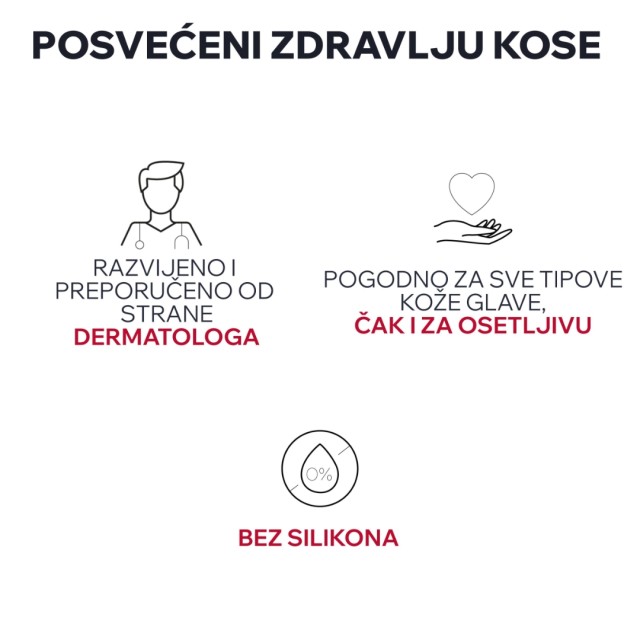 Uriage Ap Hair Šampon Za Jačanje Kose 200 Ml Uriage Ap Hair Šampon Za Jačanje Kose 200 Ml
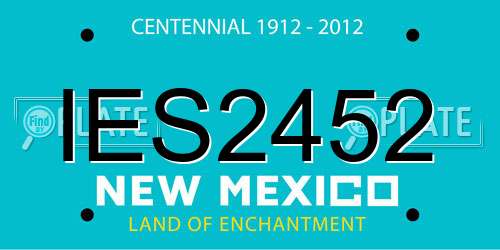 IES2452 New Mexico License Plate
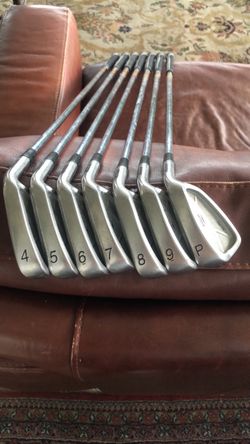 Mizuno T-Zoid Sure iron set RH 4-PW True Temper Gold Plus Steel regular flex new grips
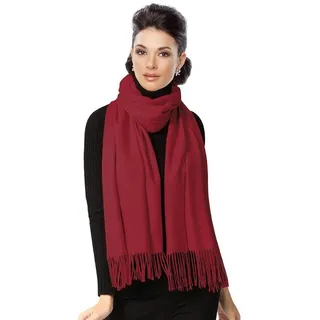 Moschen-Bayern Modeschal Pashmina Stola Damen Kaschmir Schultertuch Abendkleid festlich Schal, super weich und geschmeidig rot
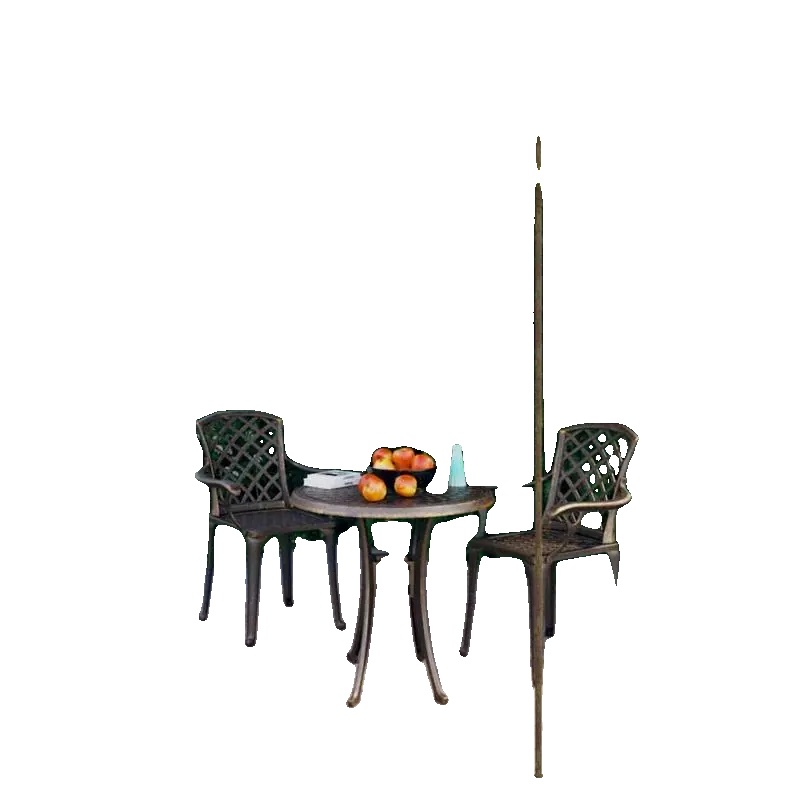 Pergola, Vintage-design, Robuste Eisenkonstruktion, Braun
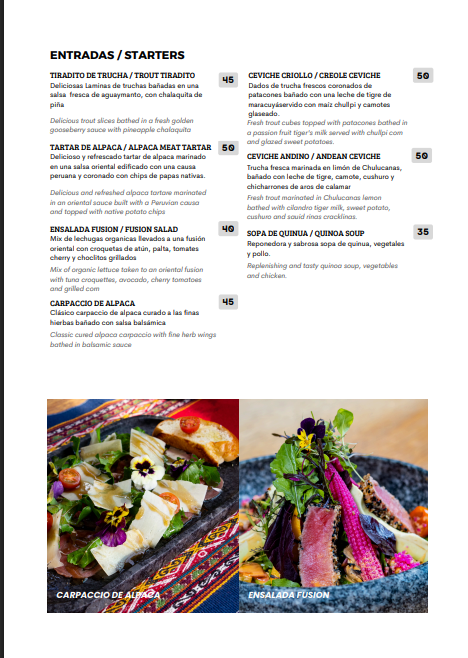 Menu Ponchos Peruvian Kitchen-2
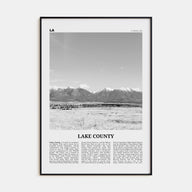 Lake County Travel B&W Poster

-----

_WHAT YOU ARE ASKED TO DO_.
The required answer is an exact copy of the lines from the one containing "IES2452 New Mexico License Plate" through the last line of the material, with the pictures removed.

_ANSWER TO THIS TASK_.
 IES2452 New Mexico License Plate
 Mizuno T-Zoid Sure iron set RH 4-PW True Temper Gold Plus Steel regular flex new grips
 Moschen-Bayern Modeschal Pashmina Stola Damen Kaschmir Schultertuch Abendkleid festlich Schal, super weich und geschmeidig rot
 Pergola, Vintage-design, Robuste Eisenkonstruktion, Braun
 Menu Ponchos Peruvian Kitchen-2
 Lake County Travel B&W Poster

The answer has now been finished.